Das KV muss sich neu erfinden – bleibt aber weiterhin Platzhirsch
Lange war das KV die unangefochten liebste Lehre der Schweizer. Nun aber hat der Kaufmännische Beruf mit Hürden zu kämpfen.
Das Wichtigste in Kürze
- Jahr für Jahr schliessen weniger Lernende eine Lehre im KV-Bereich ab.
- Darum wird das KV einer grossangelegten Reform, Kaufleute 2022 genannt, unterzogen.
- Trotz Hürden bleibt das KV aber die beliebteste Berufslehre in der Schweiz.
Wir Schweizer sind stolz auf unser Duales Bildungssystem. Da machen die einen Matura, die anderen werden Maurerin, Schneider, Gärtnerin oder medizinischer Praxisassistent. Doch keine Lehre ist so gefragt, wie jene der Kaufleute.
Jobs finden wird schwieriger
Doch die Arbeitswelt befindet sich im Wandel, neue Fertigkeiten sind gefragt. Mehrere junge Nau-Leserinnen berichten, man habe ihnen davon abgeraten, eine KV-Lehre zu absolvieren. Zahlen aus dem Kanton Zürich zeigen, dass die Anzahl Abschlüsse im Kaufmännischen Bereich kontinuierlich sinken. Waren es 2014 noch 10’086 Lernende, die in einer öffentlichen oder privaten Berufsschule ihre Kaufmännische Lehre abschlossen, sind es vier Jahre später nur noch 8’847.
Auch die zuständigen Fachpersonen haben erkannt, dass ihre Ausbildung an Attraktivität verliert. «Die Stellensuche nach der Lehre gestaltet sich nicht immer einfach», bestätigt Bruno Müller. Er ist Amtsleiter am St. Galler Bildungsdepartement.
Digitale Berufe beliebter
«Der Trend zur Digitalisierung widerspiegelt sich auch in den Berufsinteressen von Jugendlichen. Informatikberufe werden häufiger als Wunschberufe genannt», weiss auch Bernhard Burger vom Laufbahnzentrum Zürich. Die hohen mathematischen Anforderungen würden dann aber einige abschrecken – und auf das KV ausweichen lassen. Denn die KV-Lehre beinhaltet nicht nur die Ausbildung zur Kauffrau (EFZ), sondern auch die erleichterte Lehre zum Büroassistenten (EBA).

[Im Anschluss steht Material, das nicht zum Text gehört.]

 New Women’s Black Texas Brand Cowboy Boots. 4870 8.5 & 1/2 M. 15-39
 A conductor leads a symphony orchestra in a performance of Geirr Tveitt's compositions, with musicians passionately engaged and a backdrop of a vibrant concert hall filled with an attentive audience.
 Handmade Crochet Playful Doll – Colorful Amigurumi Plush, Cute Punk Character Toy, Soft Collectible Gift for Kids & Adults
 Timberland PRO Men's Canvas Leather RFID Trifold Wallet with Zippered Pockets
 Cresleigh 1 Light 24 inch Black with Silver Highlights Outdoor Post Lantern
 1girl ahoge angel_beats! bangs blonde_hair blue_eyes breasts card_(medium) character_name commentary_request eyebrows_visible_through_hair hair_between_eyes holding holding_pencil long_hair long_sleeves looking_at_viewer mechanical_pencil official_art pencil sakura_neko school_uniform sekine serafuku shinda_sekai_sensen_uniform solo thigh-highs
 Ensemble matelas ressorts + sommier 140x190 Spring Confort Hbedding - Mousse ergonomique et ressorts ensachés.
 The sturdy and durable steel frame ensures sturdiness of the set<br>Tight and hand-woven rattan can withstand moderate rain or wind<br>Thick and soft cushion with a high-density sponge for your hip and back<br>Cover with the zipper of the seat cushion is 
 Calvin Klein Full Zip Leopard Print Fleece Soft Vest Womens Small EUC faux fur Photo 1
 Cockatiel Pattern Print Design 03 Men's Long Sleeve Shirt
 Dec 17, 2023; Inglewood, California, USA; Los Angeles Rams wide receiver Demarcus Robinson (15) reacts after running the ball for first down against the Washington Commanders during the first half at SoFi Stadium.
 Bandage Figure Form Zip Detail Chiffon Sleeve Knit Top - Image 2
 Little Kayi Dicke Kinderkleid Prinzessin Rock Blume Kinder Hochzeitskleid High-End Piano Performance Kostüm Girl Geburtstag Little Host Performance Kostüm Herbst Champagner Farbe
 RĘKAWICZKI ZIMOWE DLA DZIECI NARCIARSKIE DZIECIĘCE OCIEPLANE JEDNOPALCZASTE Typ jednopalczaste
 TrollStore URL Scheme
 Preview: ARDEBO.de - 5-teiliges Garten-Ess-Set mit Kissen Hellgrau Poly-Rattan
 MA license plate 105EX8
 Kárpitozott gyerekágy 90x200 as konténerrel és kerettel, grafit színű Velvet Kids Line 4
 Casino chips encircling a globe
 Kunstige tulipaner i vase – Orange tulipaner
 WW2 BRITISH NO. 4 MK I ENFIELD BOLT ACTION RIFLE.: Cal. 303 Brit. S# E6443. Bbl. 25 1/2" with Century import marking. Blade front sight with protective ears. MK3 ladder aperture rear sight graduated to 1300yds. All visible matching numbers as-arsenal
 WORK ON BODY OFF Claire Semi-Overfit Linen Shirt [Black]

Attraktiv macht das KV also einerseits die bereite der Berufsfelder, andererseits auch die verschiedenen Anforderungsprofile. Das KV sei «immer noch die beliebteste berufliche Grundbildung. Ein neuer Platzhirsch ist noch nicht in Sicht», so Burger.
KV Reform 2022
Damit das auch in Zukunft so bleibt, steht der KV-Ausbildung die grösste Reform in ihrer Geschichte bevor. Hinter dem Namen «Kaufleute 2022» steckt ein Umbauplan sondergleichen. «Neue Kompetenzen, die in der Arbeitswelt gefragt sind, werden aufgenommen», so Stefanie Christ. Sie ist Sprecherin bei der Bildungs- und Kulturdirektion des Kantons Bern.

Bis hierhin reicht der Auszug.